▶ **Activity**: As you write out the lines from the one containing "国际经济与贸易专业国内大学排名情况" through the last line of the records, keep them exact and leave out pictures.
Start of Extracted information
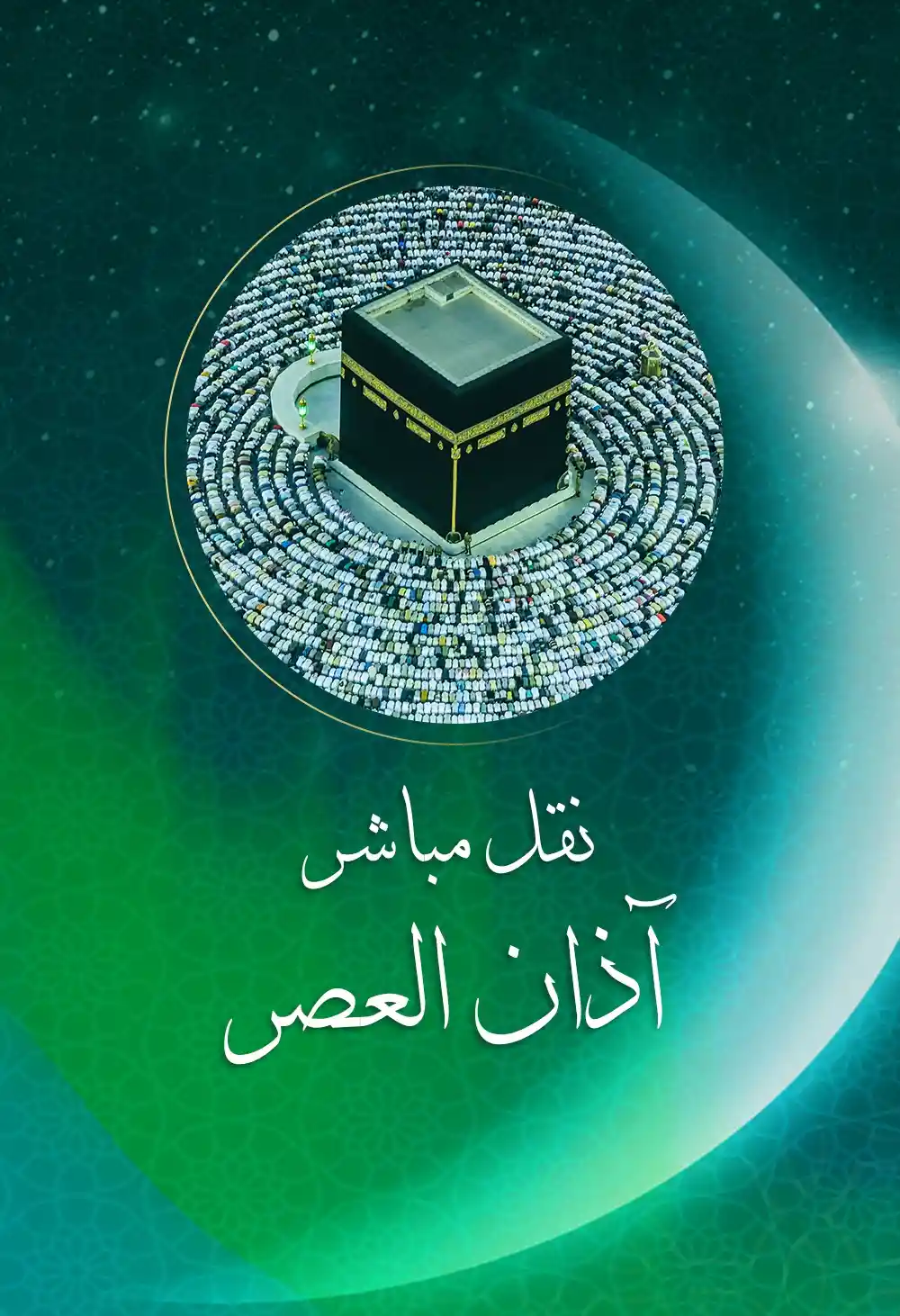صلاة العصر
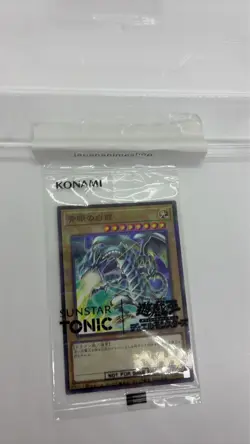 Blue-Eyes White Dragon Sunstar Tonic SSC1-JP001 Yugioh Card Japanese Sealed - Image 3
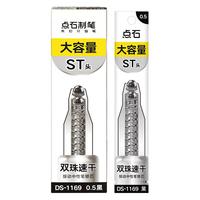 点石文具 双珠ST头速干按动中性笔替芯DS-1169 12支装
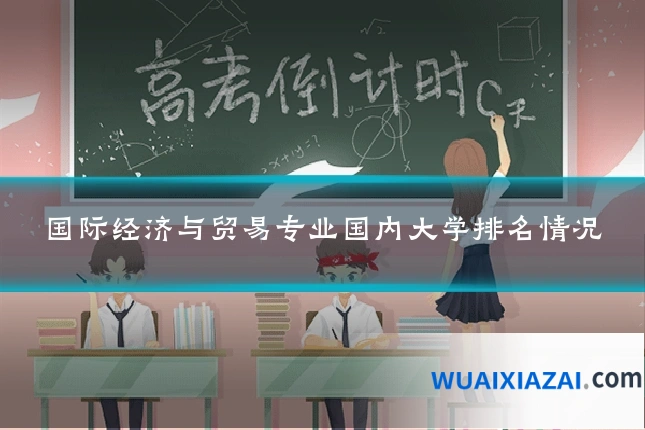 国际经济与贸易专业国内大学排名情况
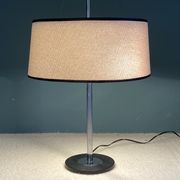 1950s table lamp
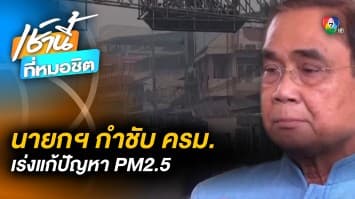 นายกฯ กำชับ ครม. เร่งแก้ปัญหาฝุ่น PM2.5 โดยเฉพาะพื้นที่ภาคเหนือ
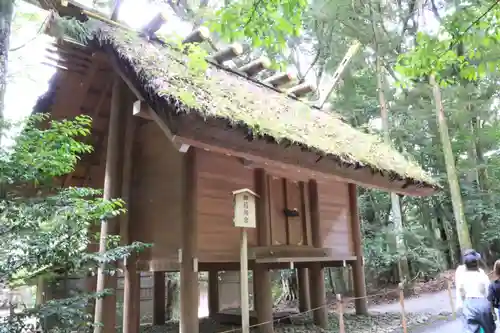 伊勢神宮内宮（皇大神宮）(三重県)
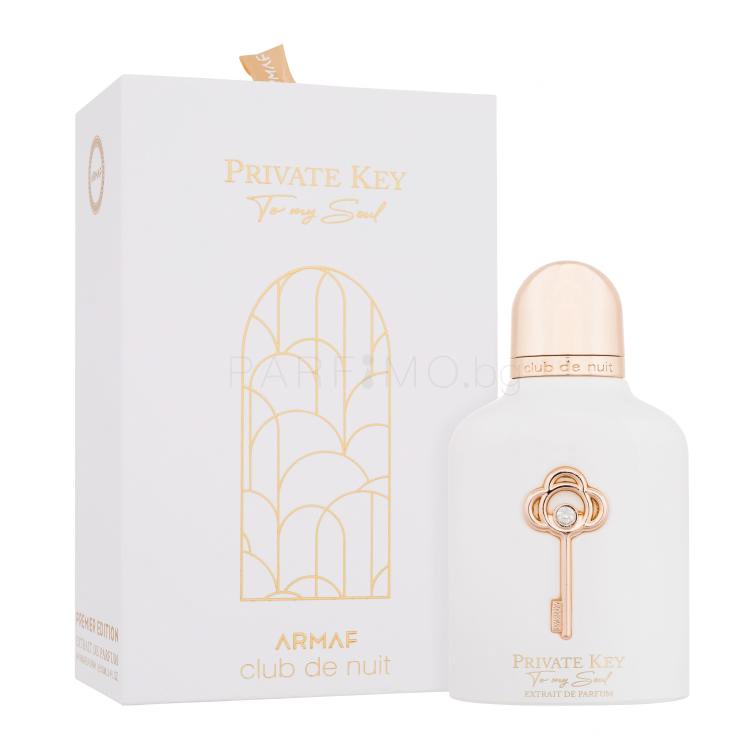 Armaf Club de Nuit Private Key To My Soul Парфюмен екстракт 100 ml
End of Extracted information
▶ **Result of the exercise**:
 国际经济与贸易专业国内大学排名情况
 1950s table lamp
 นายกฯ กำชับ ครม. เร่งแก้ปัญหาฝุ่น PM2.5 โดยเฉพาะพื้นที่ภาคเหนือ
 伊勢神宮内宮（皇大神宮）(三重県)
 Armaf Club de Nuit Private Key To My Soul Парфюмен екстракт 100 ml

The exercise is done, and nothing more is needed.